Children of obese parents at risk of developmental delays, says study
1/3/2017, 9:02 a.m.
(CNN) Being overweight may impact not only your health but your future child's development as well, a new study suggests.
Children of obese parents may be at risk for developmental delays, says the study, published in the Journal of Pediatrics.
In the United States, an estimated one in five women is obese when they get pregnant, registering a body mass index above 30. The healthy average is between 18.5 and 24.9.
But few studies have looked at the father's weight, even though 20% to 30% of US adults -- both male and female -- are obese.

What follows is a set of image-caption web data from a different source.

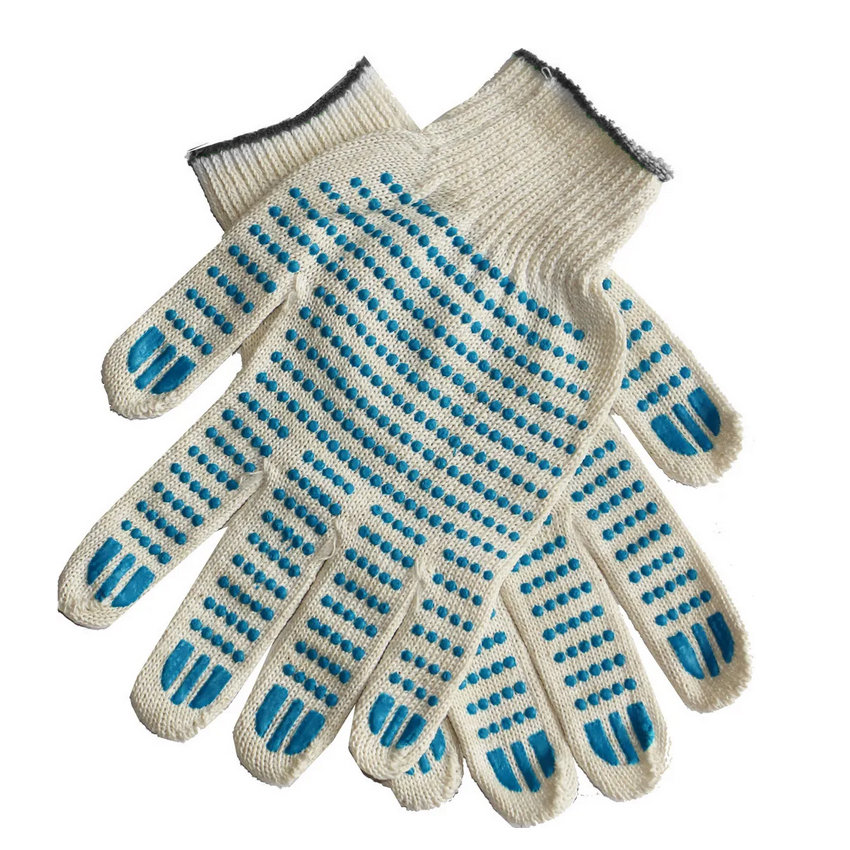 стандарт с пвх 10 кл. перчатки трикотажные техно (10 класс) 7. перчатки х/б + нитрил (арт. белый (5 нитка лайт m-size, кл. перчатки хб без пвх экстра 5н.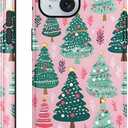 lioscre Case Compatible with for iPhone 15 Plus 6.7'', Cute Preppy Christmas Tree Pattern Phone Case, Aesthetic Hybrid 2-Layer Hard Shell Resistant Shockproof Protective Cover for Girl Women Men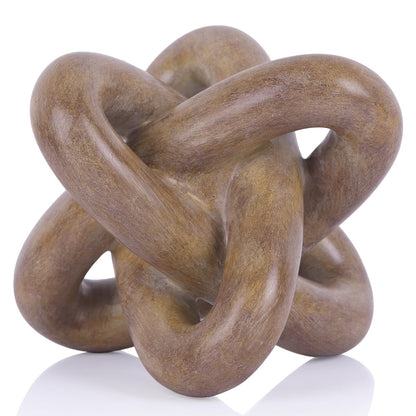 DOVDOV Wood-Toned Knot Sculpture, Triple-Knot Statue, Wood-Toned Home Decor, Ideal for accenting Rustic-Style Coffee Tables, Living Room TV Stands, Dining Tables, and entryway Shelving.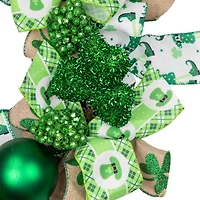 Ribbons and Shamrocks St. Patrick's Day Wreath 24" Unlit
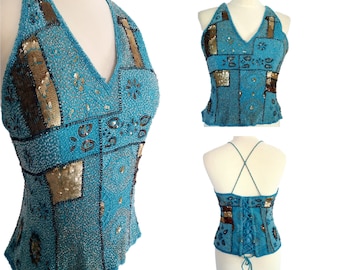Embellished Turquoise Bustier Crop Top, Handmade Embroidery Beadwork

A team from the Eunice Kennedy Shriver National Institute of Child Health and Human Development set out to learn more.
"Our study is one of the few that also includes information about fathers, and our results suggest that dad's weight also has significant influence on child development," said lead researcher Dr. Edwina Yeung, an investigator at the institute.
Effects differ based on the heavier parent
The researchers looked at 4,821 children from 4 months old to the age of 3, between 2008 and 2010, and found specific effects on children, depending on which parent is obese.
Compared with normal or underweight mothers, children of obese mothers were more likely to have difficulty using small muscles, such as those in their fingers or hands.
Paternal obesity was associated with increased risk of failing at personal-social activities, such as feeding themselves, playing and undressing themselves. Those born to extremely obese couples also were more likely to fail problem-solving tests.
The researchers used data from the ongoing Upstate KIDS study, which follows over 6,000 children born in New York state.
It aims to track the growth, motor and social development of children and its correlation with infertility treatments, obesity, rising maternal age and pregnancy complications.
Parents are asked to regularly complete the Ages and Stages Questionnaire for their children.
"The questionnaire is a screening tool. It's an indicator of whether a child is on track for behaviors appropriate to his or her age," Yeung explained.
The tool was designed to pinpoint development progress and catch delays in children up to the age of 6.
Yeung's team looked at reports recorded by parents at 4, 8, 12, 18, 24, 30 and 36 months. According to Yeung, although parents are self-reporting information, the potential for bias is small, as questions are straightforward (PDF).
"The fine motor skills part, for example, asks such questions as whether the child can turn the pages of a book or whether he or she can stack blocks," she explained.
Mothers also completed a questionnaire about health status and lifestyle at enrollment to determine both parents' height and weight before pregnancy.
According to the study authors, factors associated with obesity -- such as lower income and education, smoking and alcohol use -- were taken into to consideration when analyzing the results.
Weight at delivery was taken from electronic birth certificates.
Cause remains unclear
It is not unclear exactly why parental obesity might increase developmental delays in children.